Task directions: I need the lines from the one containing "shot zacch. 🚨" through the last line of the entries retyped exactly, with no pictures among them.

•••••

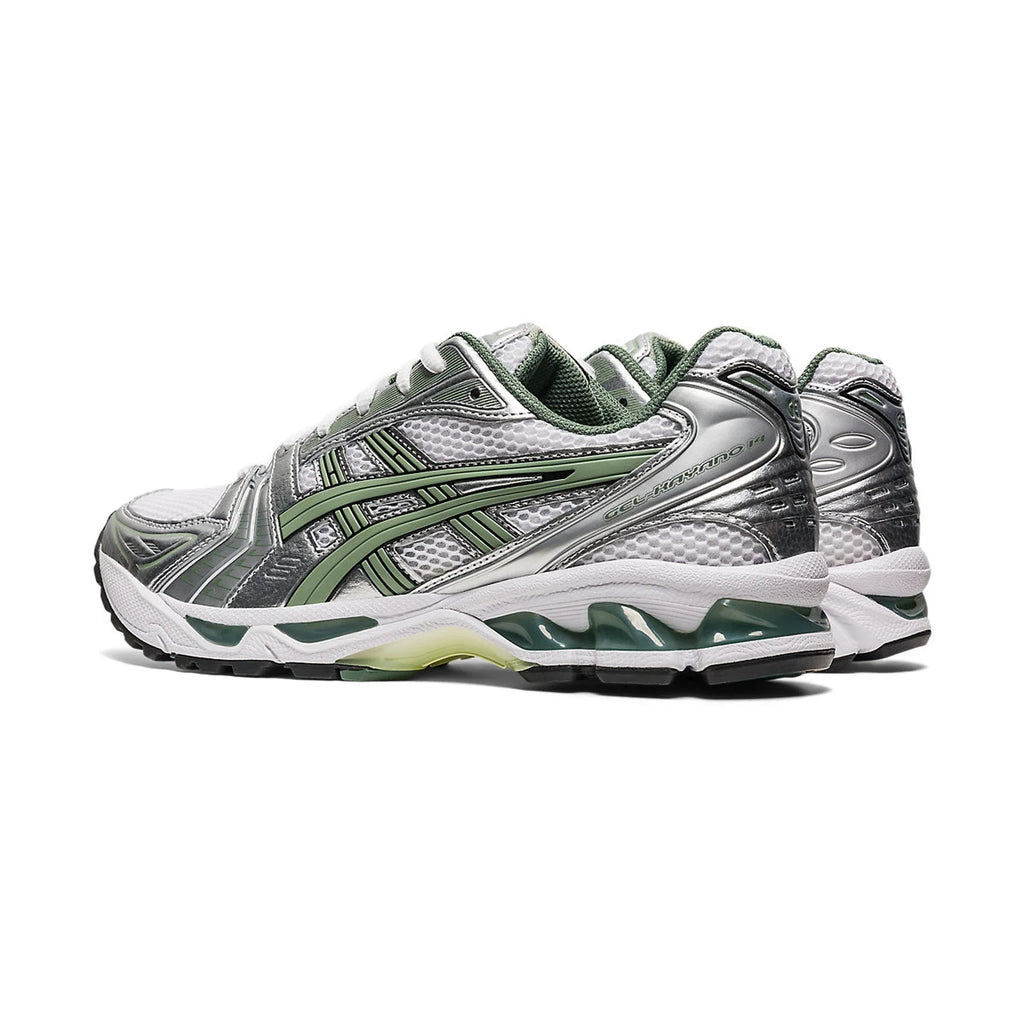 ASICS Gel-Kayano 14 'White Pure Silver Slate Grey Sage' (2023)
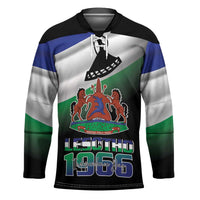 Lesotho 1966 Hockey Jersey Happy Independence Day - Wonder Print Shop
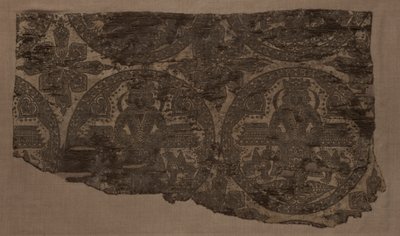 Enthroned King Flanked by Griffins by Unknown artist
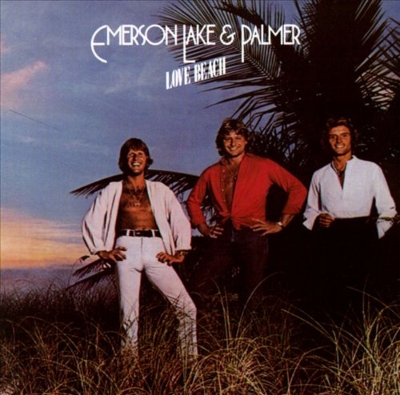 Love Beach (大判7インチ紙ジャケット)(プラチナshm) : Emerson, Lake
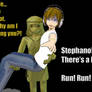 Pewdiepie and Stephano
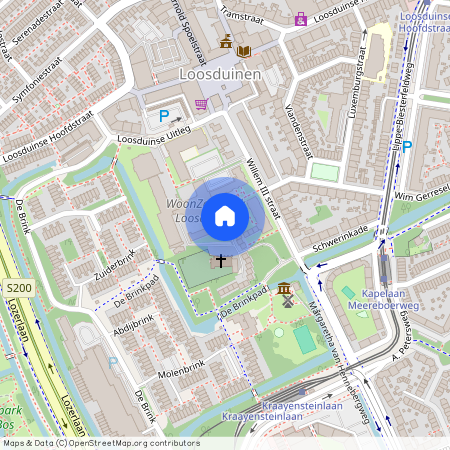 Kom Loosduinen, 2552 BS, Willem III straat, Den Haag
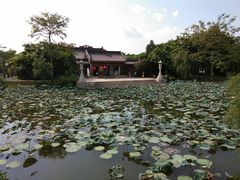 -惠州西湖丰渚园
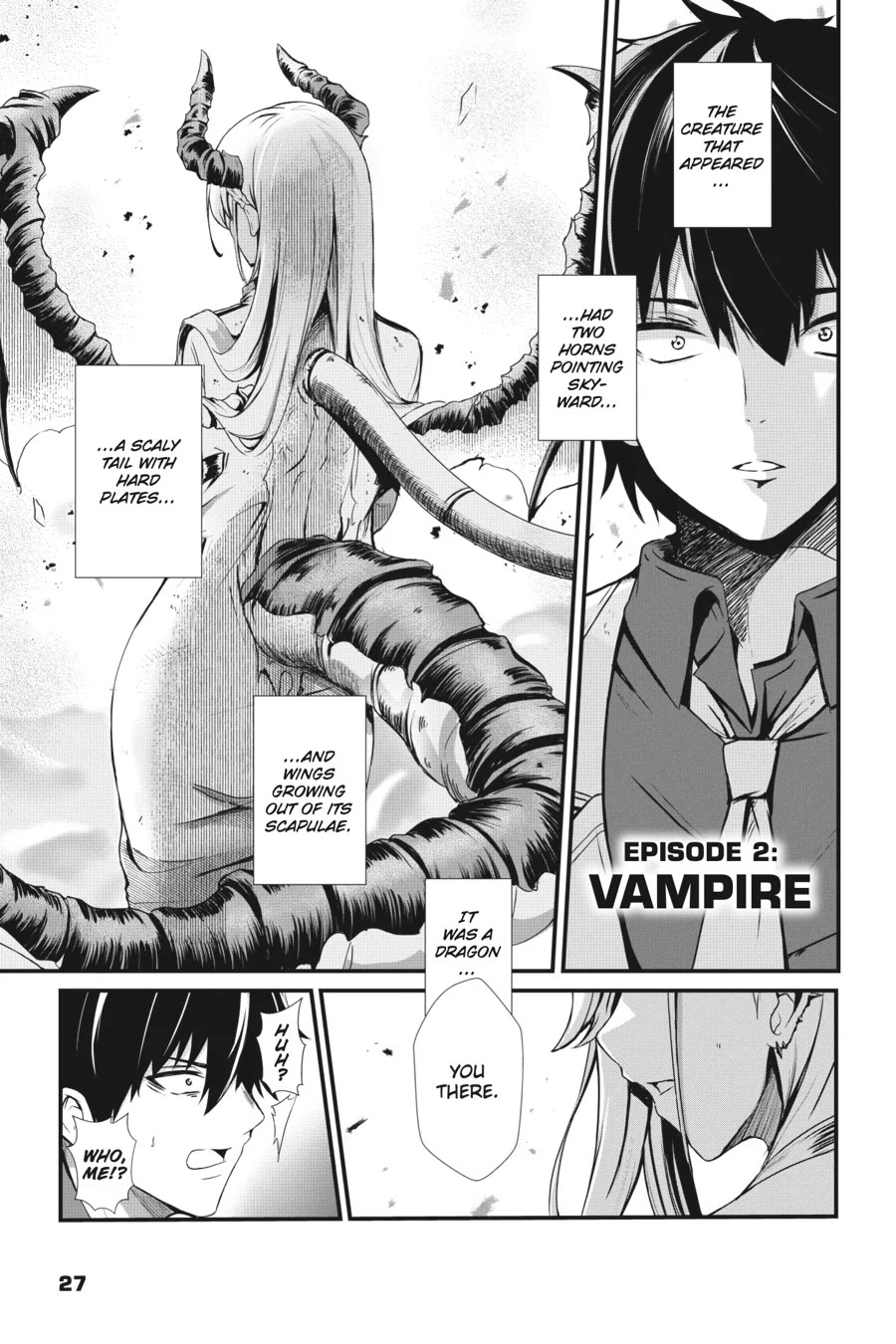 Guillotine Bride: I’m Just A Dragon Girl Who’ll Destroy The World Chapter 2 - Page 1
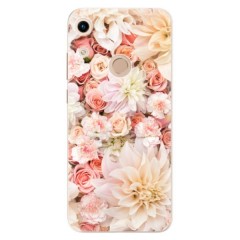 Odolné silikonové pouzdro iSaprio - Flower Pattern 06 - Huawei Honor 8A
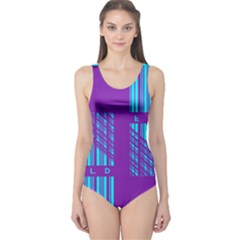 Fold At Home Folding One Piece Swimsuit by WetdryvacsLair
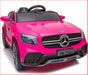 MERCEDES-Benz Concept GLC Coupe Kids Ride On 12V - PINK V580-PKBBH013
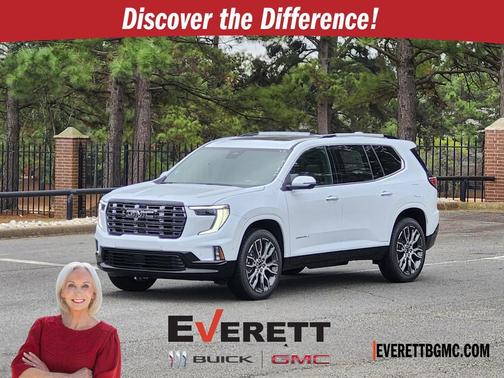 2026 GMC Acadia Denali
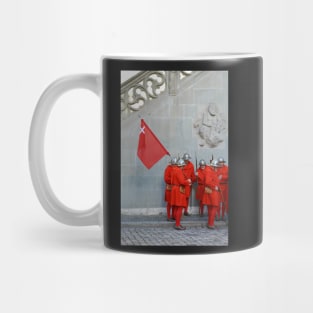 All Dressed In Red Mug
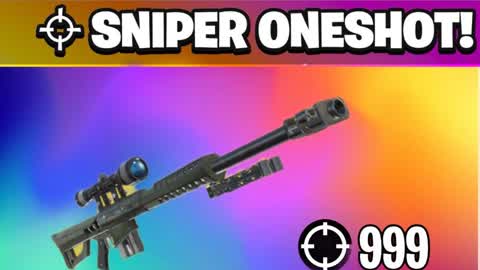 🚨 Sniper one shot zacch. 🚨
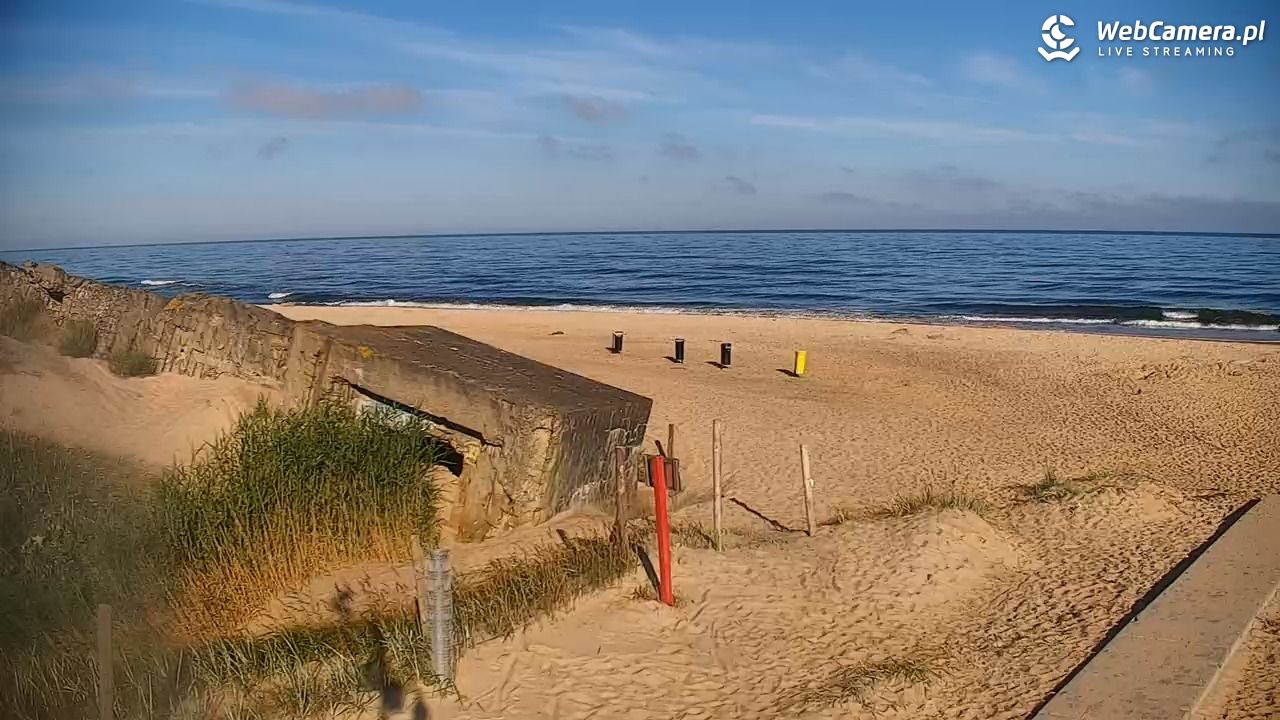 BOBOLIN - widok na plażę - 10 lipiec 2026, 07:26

•••••

Written answer:
 🚨 Sniper one shot zacch. 🚨
 BOBOLIN - widok na plażę - 10 lipiec 2026, 07:26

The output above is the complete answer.